**TASK DETAILS:** In the entries below, begin at the line that has "SnowBuddy Suit™ –", stop after the line that has "ChatGPT zrobi grafikę", and output those lines exactly with no pictures.

**RECORD SET:**
========================================================================
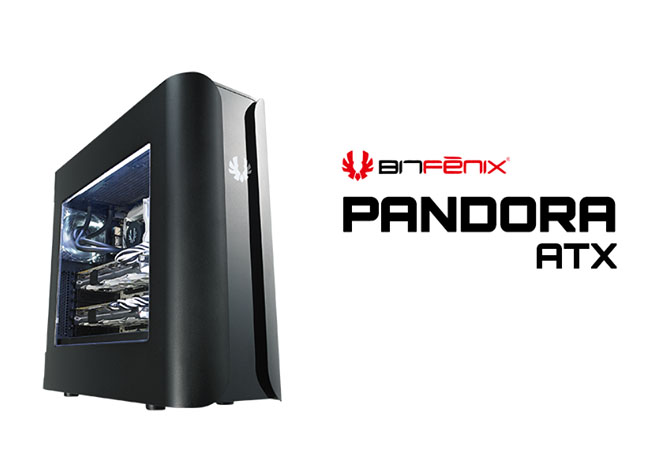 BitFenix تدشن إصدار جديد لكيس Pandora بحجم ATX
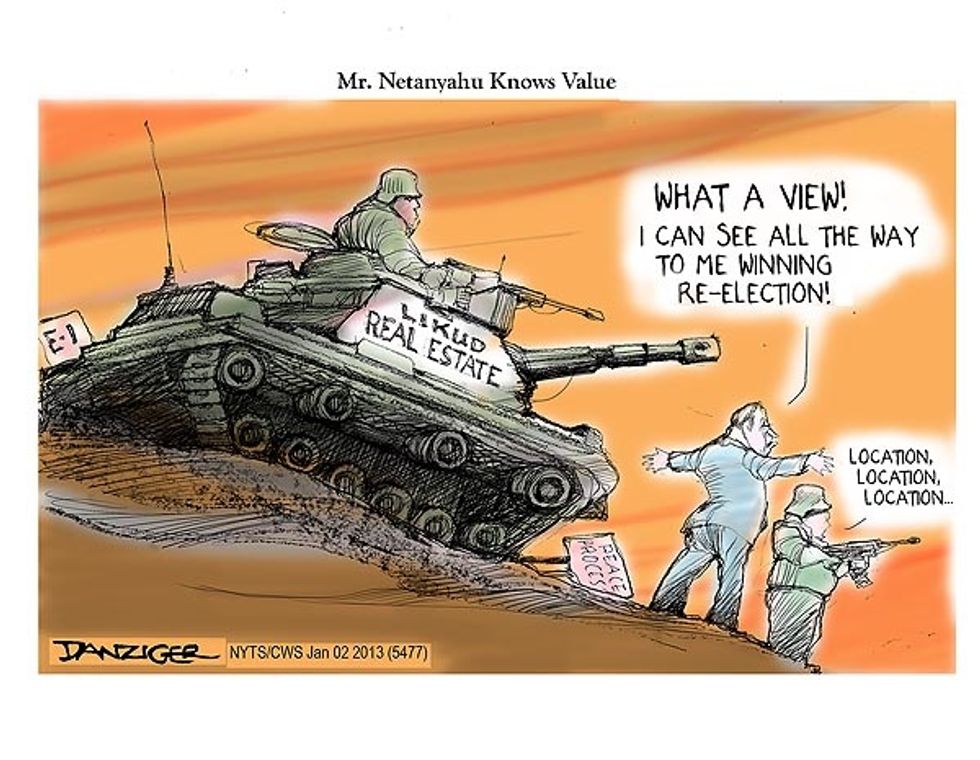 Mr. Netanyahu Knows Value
========================================================================
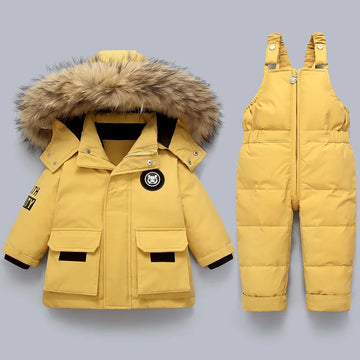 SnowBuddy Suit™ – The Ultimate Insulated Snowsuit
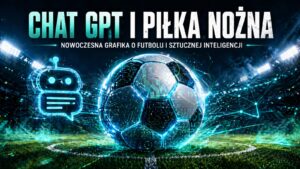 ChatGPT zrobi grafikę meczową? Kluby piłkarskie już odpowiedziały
========================================================================
**WRITTEN RESPONSE:**
 SnowBuddy Suit™ – The Ultimate Insulated Snowsuit
 ChatGPT zrobi grafikę meczową? Kluby piłkarskie już odpowiedziały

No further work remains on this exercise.